Tracey Takes On... is an American sketch comedy series starring Tracey Ullman. The show ran for four seasons on HBO and was commissioned after the success of the 1993 comedy special Tracey Ullman Takes on New York. Each episode focuses on specific subject in which Ullman and her cast characters comment on or experience through a series of sketches and monologues.

Unlike her previous Fox show, Tracey Takes On... was filmed without a studio audience, on location, single-camera; instead of upwards of a hundred characters, the show focused on a steady rotation of nearly 20. "I wanted to do a show where you could get familiar with the characters, where I could express a point of view, where we could get controversial [...] I also didn't want to do a series where I had to do 22 or 26 episodes a year. I have two children and have a husband, and there are other things I'd like to do during the year. Ten shows is a good number, and HBO gives me a great (artistic) freedom," said Ullman in 1996. The only character to return from the original Tracey Ullman Show was Kay Clark, as Ullman was the sole creator. Former cast member Julie Kavner became a recurring guest star in the series.

In 1998, a book based on the series, Tracey Takes On was released. In 2003, the character Ruby Romaine was spun-off into the HBO television special, Tracey Ullman in the Trailer Tales.

Premise
Tracey Ullman and her cast of characters "take on" a different subject for each episode of the series.

Production

Conception and development
In 1990, Ullman's husband Allan McKeown, a founding member of Meridian consortium, placed a bid for an ITV television franchise in South East England. Along with the bid he included a potential programming lineup which included a Tracey Ullman special. Ullman, who had just ended four seasons of her eponymous Fox series, had just given birth to their second child and was quite content staying at home. In September 1991, McKeown was elated when he was informed that his bid was successful; he was subsequently responsible for all of Meridian's comedy programming. Ullman dreaded the idea of doing another show. "I was really not prepared to do TV again. I had an extraordinary run at FOX in the late '80s with the Tracey Ullman Show, and couldn't imagine putting forth that amount of energy again. [...] The type of makeups I liked to disguise myself under had not been conducive to a live show [...] Once I inhaled so much remover that I passed out on the makeup room floor. I was resuscitated and went out to give a terrific performance, even though I can't remember being there." She had a year to deliver the show. The 1993 special Tracey Ullman: A Class Act, a satire about the British class system, was shot entirely on location and co-starred actor Michael Palin. The show's success led to American cable television network HBO becoming interested in having Ullman do a special for them. The only caveat was that she take on a more "American" subject. She chose New York City. That special, Tracey Ullman Takes on New York, was an award-winning success. HBO then broached the idea of a "Takes on" series.

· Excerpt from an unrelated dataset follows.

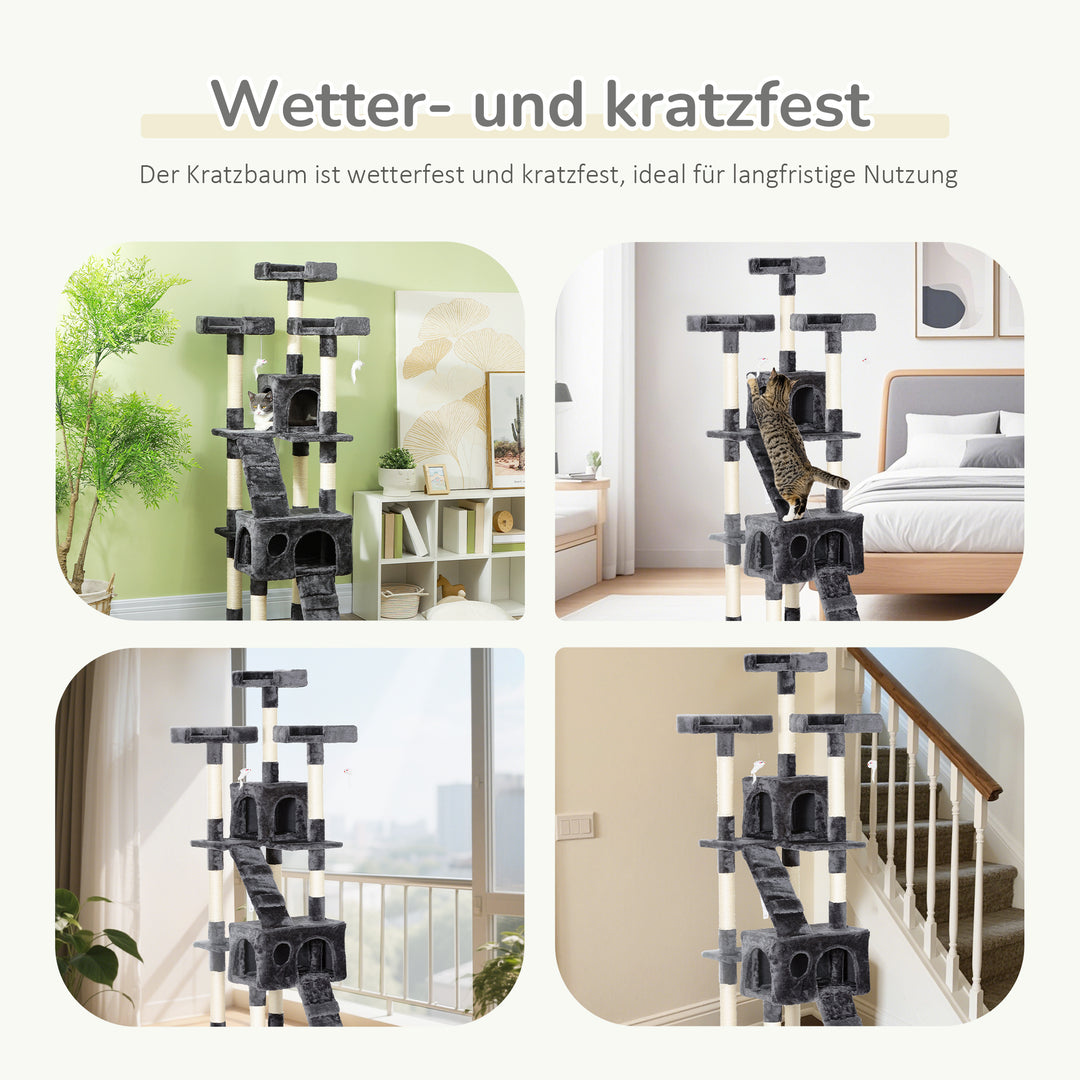 Kradsetræ med kattehulestige xxl kradsetræ klatretræ klatretræ til katte multiniveau multiaktivitetscenter plys grå 49 x 49 x 173 cm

Ullman was unsure if she could do it without the help of her "mentor" James L. Brooks who helped launch her American career with The Tracey Ullman Show. "Last year, I was 35 years old, and I thought, 'It's time to do it myself really. I thought, 'I know the premise, I know what I want to do...' I sat at the head of the table and made myself a boss."  Production on season one of Tracey Takes On... began in Los Angeles in 1995. Characters created for her previous two HBO comedy specials were carried over for the series: gay airline steward Trevor Ayliss, British Conservative MP wife Virginia Bugge, British magazine editor Janie Pillsworth, Long Island housewife Fern Rosenthal, and faded Hollywood actress Linda Granger.

Ullman was thrilled with the artistic freedom working in cable television allotted her, specifically HBO. "If we did the story line with me and [Julie Kavner] as gay golfers on network TV, Johnson & Johnson would pull their advertising, then there'd be a big piece in USA Today, and it would be a headache. HBO let us have fun with it, and when Julie and I come out at the end, it's in the most wonderful way. Our Romance show may be a bit sappy, but it's more of a battle theme, something that will get people talking."

Production on Tracey Takes On... began each year in February with a staff retreat. Three months would then be spent writing the scripts. Pre-production would follow in July and August with filming commencing in September and wrapping in November. The completed season would "ideally" get delivered to HBO by December.

The series came to a close after a four season run in 1999. Ullman began conceiving a new show in which she'd play only one or two characters with minimal makeup. "This time I'll play one or two characters [instead of all the characters]. I just don't want to put all that rubber on my face. That began to get really tedious. I've got make it easier on myself, and it'll be easier if I don't have to spend ten hours in make-up."

Format
A typical episode consists of two or three long sketches with interstitial character monologues all focusing on the episode's subject. However, every season featured one or two episodes which deviated from the show's regular format in favor of a single storyline (e.g., "Vegas", "Hollywood”, "Road Rage”, "The End of the World").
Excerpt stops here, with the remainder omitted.